Le RN, c'est aussi Jordan Bardella. Et une inéligibilité de Marine Le Pen lui ouvrirait la voie de la prochaine présidentielle. Officiellement, celui qui doit une grande partie de son ascension politique à Marine Le Pen, fait bloc derrière elle. "Le RN a un genou à terre. Je ne compte pas faire mon beurre" prévient Jordan Bardella. Une posture de loyauté. Il a même écrit tard jeudi soir aux adhérents du parti, dénonçant un acharnement de la justice.
Mais au RN, personne n'est dupe. En cas d'empêchement de Marine Le Pen pour la présidentielle, "on ne serait pas orphelin" anticipe une cadre. Il serait le candidat logique de repli et ses amis louent son appétit. "Quand vous êtes président du RN à 29 ans, évidemment que vous avez de l'ambition" se gargarise l'un d'eux. Jordan Bardella se dit d’ores et déjà dans un "tête à tête avec les Français" à l'occasion de la sortie de son premier livre. Et Marine Le Pen, une fois de plus, de lui chauffer la place: "Si vous arrivez à vous débarrasser de moi, vous ne pourrez pas vous débarrasser de lui. Et je m'en réjouis".

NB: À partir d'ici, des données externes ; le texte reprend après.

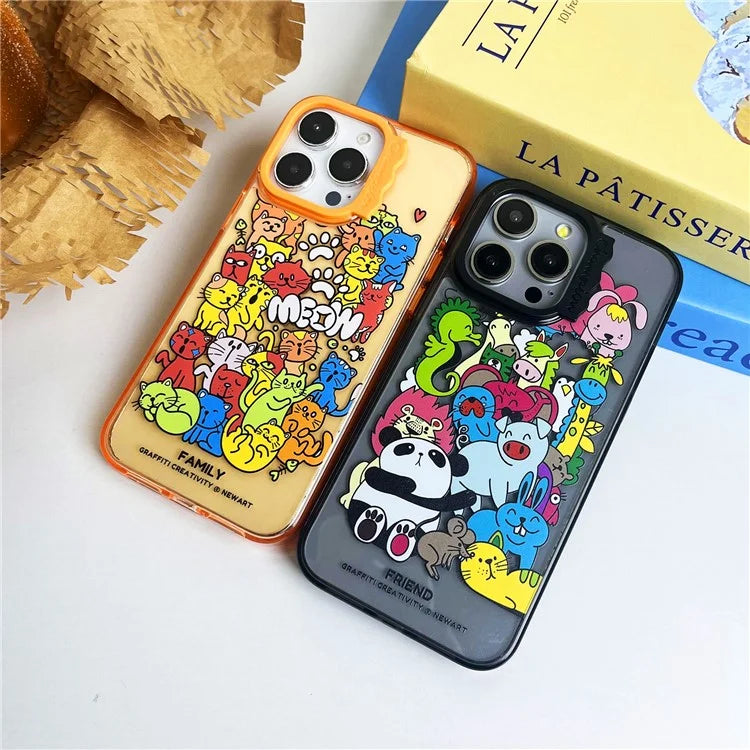 For iPhone 15 Pro Case Wave Lens Frame PC + TPU Pattern Mobile Phone Cover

Gérald Darmanin et Jean-Luc Mélenchon contestent la possible peine d'inéligibilité de Marine Le Pen
Pour l’instant, l'annonce de sa potentielle d'inéligibilité continue d'émouvoir la classe politique. Avec une peine assortie d'une exécution provisoire, c'est-à-dire directement applicable, beaucoup voient dans cette réquisition l'ombre d'une justice politisée et s'insurgent. Et ça balaie tout le spectre politique, de Gérald Darmanin à Jean-Luc Mélenchon.
"Il y a un doute en France sur l'action de la justice dans le champ politique": dans un tweet publié ce jeudi, le leader insoumis remet en cause le bien-fondé de cette réquisition, dénonçant en substance une peine prématurée. Indignation partagée par Gérald Darmanin: "Combattre Marine Le Pen se fait dans les urnes", écrit l'ancien ministre de l'intérieur, jugeant que ce n'est pas à la justice de décider du sort politique de la présidente du groupe RN à l'Assemblée.
Pourtant, Thibault Spriet, secrétaire national du syndicat de la magistrature, considère qu'il n'y a rien de politique dans ces réquisitions: "La justice n’invente pas les peines encourues. Elles sont prévues par la loi. Il faut déconstruire cette idée que les juges feraient de la politique. Leurs décisions sont motivées en droit. Il ne faut pas parler de gouvernement des juges à partir du moment où ils réclament l’application de la loi". Une loi de 2016 qui rend obligatoire et automatique l'application de la peine d'inéligibilité en cas de détournement de fonds publics.